Closed MeltyBot closed 1 month ago
Picking up this conversation after @edgarrmondragon pointed me to #2856 in Slack conversation.
Whilst providing an explicit catalog cache refresh via CLI (#2856) and via configuration setting (this issue) is a good medium term option, the important short-term enhancement is actually to address the point that @tayloramurphy pointed out, which is that the fact of a cached catalog file is currently not mentioned in the documentation.
I've had a quick look through the documentation, and the most sensible place to add a note about the cached catalog (and potentially a hint about using a tap reinstall as a workaround for the missing cache clear feature) seems to be the CLI reference documentation. e.g. in the select
section.
Running select
is how I had my first introduction to the catalog cache (using transferwise tap-postgres
). And if I had chosen to start reading the documentation in order to find out why my select
output does not match my list of source entities, I probably would have ended up reading the select
CLI reference documentation.
Here's some other ideas
@cwegener I made https://github.com/meltano/meltano/issues/6292 to track updating the documentation!

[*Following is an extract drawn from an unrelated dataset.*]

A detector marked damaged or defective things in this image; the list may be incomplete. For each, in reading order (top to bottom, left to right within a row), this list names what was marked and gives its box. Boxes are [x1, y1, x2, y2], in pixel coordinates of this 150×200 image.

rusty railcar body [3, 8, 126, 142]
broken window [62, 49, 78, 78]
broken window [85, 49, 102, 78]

This could be interesting in the context of:
cc @aaronsteers
This would be useful to my team during development, as we're changing the imported schema a lot.
Finally figured out why this is such a frustrating use case for me and haven't articulated it.
When you set something like
- name: tap-name
inherit_from: tap-postgres
select:
- thissupertable.*
When the thissupertable
table gets new columns added the catalog never gets updated because Meltano says "the select statement hasn't changed" therefore everything is good to go.
Whenever I use *
in select I implicitly expect Meltano is going to check and update my catalog every run. When I don't use *
then I don't' expect it.
Good discussion on this in https://meltano.slack.com/archives/CKHP6G5V4/p1663205560565299
As I think more on this I think having some sort of mechanism to alert on catalog changes would be very beneficial. I'm in favor of a more near-term fix where we can enable users to specify something like refresh_catalog: true
but longer term I want to be more thoughtful on the workflows and what we do with the catalog. There's huge value in this metadata to teams and a lot we can do with it (also thinking for managed).
@tayloramurphy and @visch - from the discussion...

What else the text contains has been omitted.